We're in a show-me state for small caps. We've gotten (price-to-earnings) multiple expansion, so you need earnings growth.

We think that the growthier growth stocks will outperform the weaker value names.

Though retail sales numbers have been good, profitability for a lot of the retailers has not been good. That's going to be a big telltale sign for us. We're overweight discretionary, thinking that was the cheapest group out there, and it still is the cheapest but... if the E drops out the PE, you run into a problem there.

We think that the Trump bump has run its course and now investors should tack back to 'growthier' growth companies that may not need a better economy to post strong earnings growth.

Tech is quickly becoming our favorite group as it has been left behind in the Trump bump. The sector is cyclical and so a faster economy in which rates rise helps this sector.

We are moving to an overweight from a market weight on financials and realize that we are certainly not early to the party. However, the sector has cooled a bit year to date from its tremendous run after the election, and the reporting season has gone really well. We have liked the banks for some time, but we think there are other groups such as capital markets, consumer finance, and insurance industries that look positive.
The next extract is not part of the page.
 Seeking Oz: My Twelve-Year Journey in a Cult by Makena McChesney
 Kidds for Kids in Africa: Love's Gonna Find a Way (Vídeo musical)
Now that the calendar has turned to 2017, investors could unwind their big winners, as they are not comfortable with their valuations and want to take profits in these stocks.

We contend that investors were in the midst of a selling strike late in 2016, as capital gains tax is thought to be lower in '17 than in '16. The winners from last year could be under pressure, and although five days does not make a trend, the gainers in 2016 are lagging YTD.

Since election, it has been risk on with cyclical sectors leading the way and defensive areas lagging. Our sector allocation is more domestically focused, and given the dollar's strength, we think it makes sense. We are overweight discretionary and industrials. We are overweight tech, which has been a source of funds and lagging behind since the election.

If tax rates are reduced to 22 percent, we see a significant boost to earnings (that lowers) the P/E to 16.2X, which is still above the average. However, using a 15 percent tax rate, we see that earnings jump to $88.71 and the P/E falls below 15X.